What to work on: The lines from the one holding "campeón en Uruguay" to the final line of the listing below are to be duplicated exactly, with both ends included and pictures omitted.
++++++++
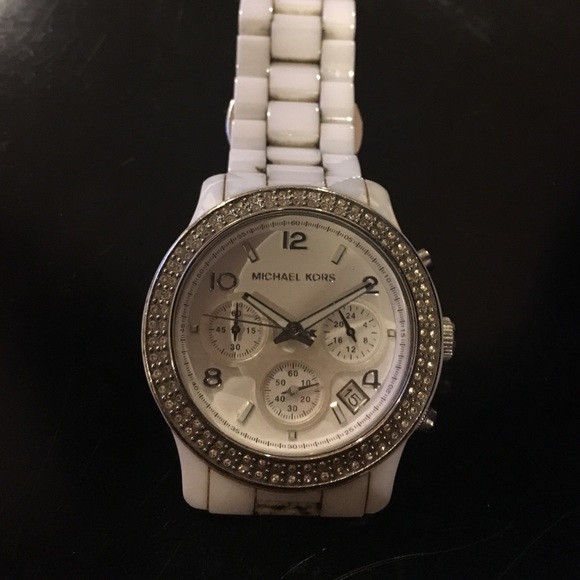 Michael Kors White Ceramic Watch main image 4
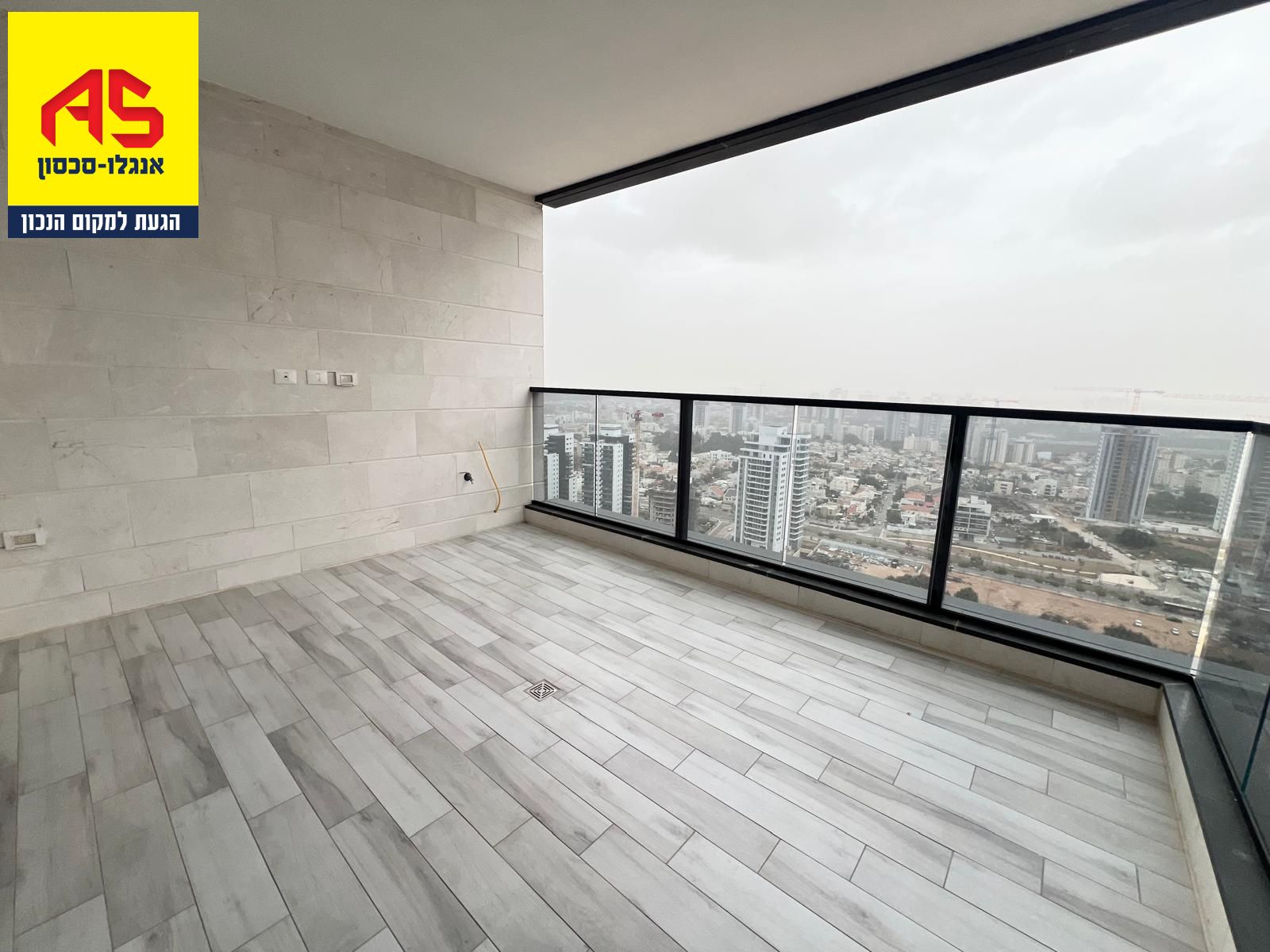 דירה 5 חדרים באמנון ליפקין שחק, פארק הים, נתניה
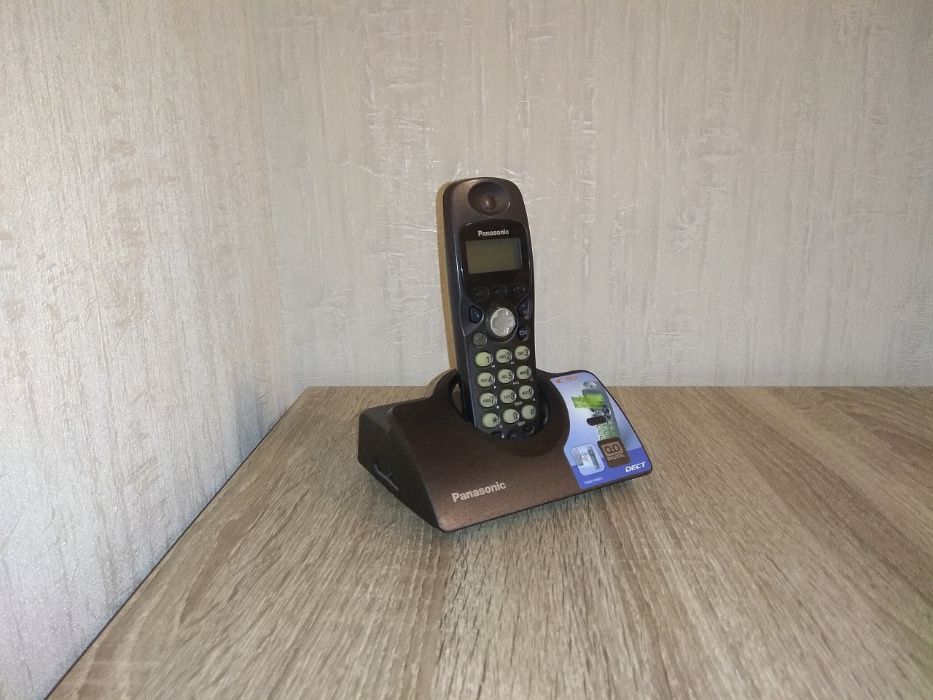 Радио телефон DECT Panasonic с автоответчиком и определителем номера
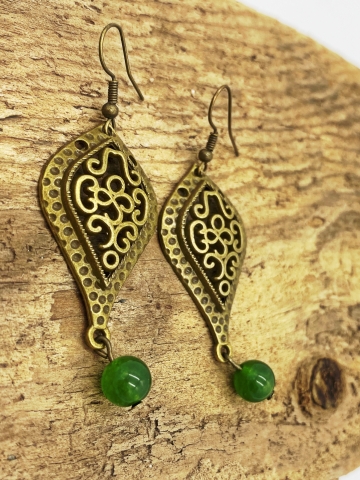 Klassisch-orientalische Ohrringe mit grünem Anhänger "Maha"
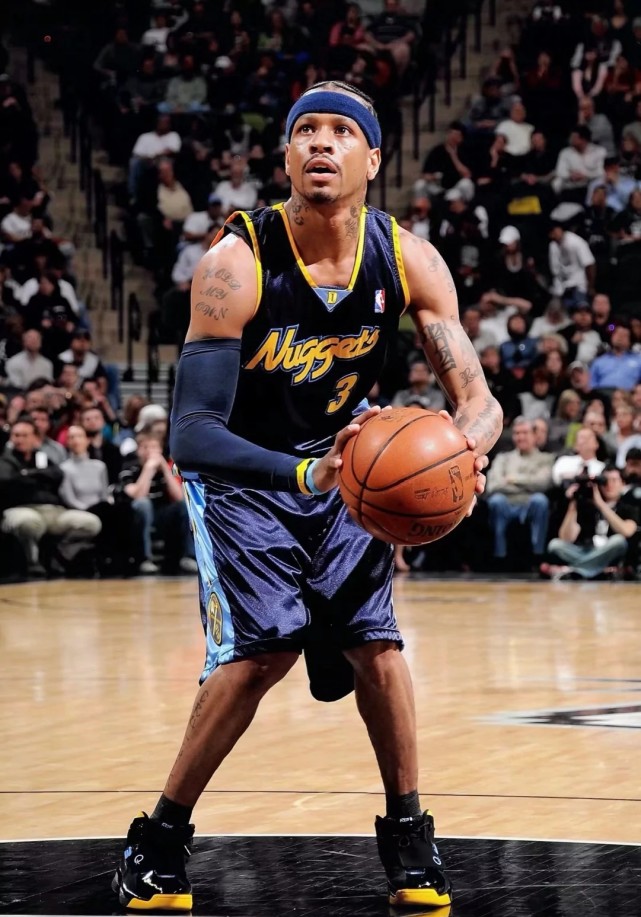 你打球喜欢做的动作crossover是答案的成名招牌绝技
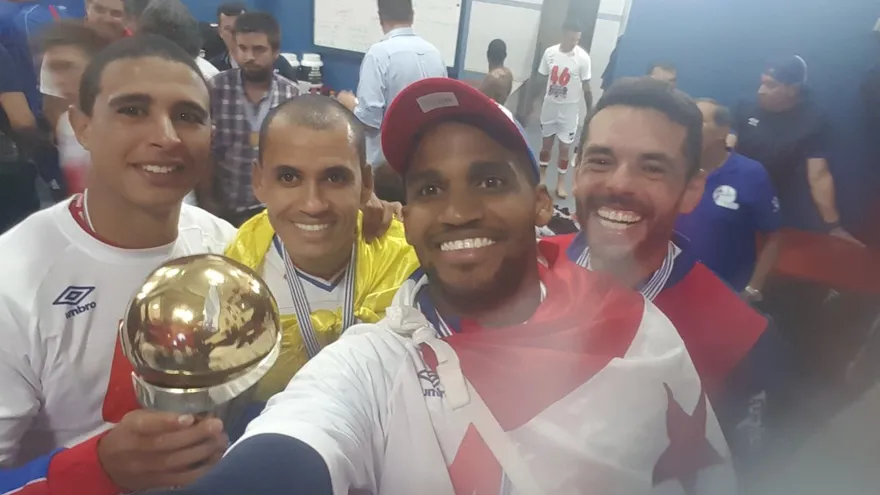 Luis "Manotas" Mejía, luce con orgullo la copa de campeón en Uruguay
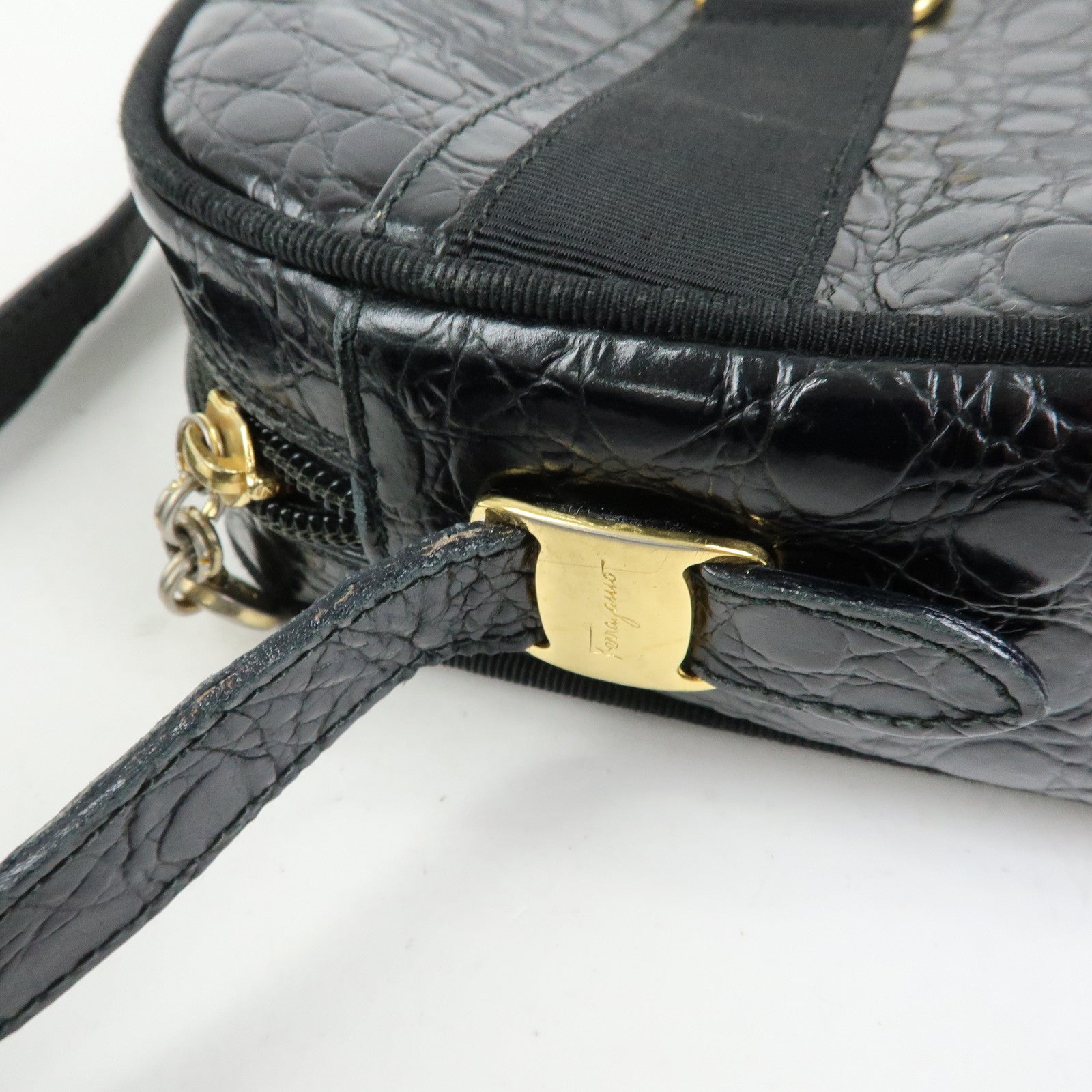 Ferragamo Vara Embossed Leather Shoulder Bag Crossbody Bag Black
++++++++
Written solution:
 Luis "Manotas" Mejía, luce con orgullo la copa de campeón en Uruguay
 Ferragamo Vara Embossed Leather Shoulder Bag Crossbody Bag Black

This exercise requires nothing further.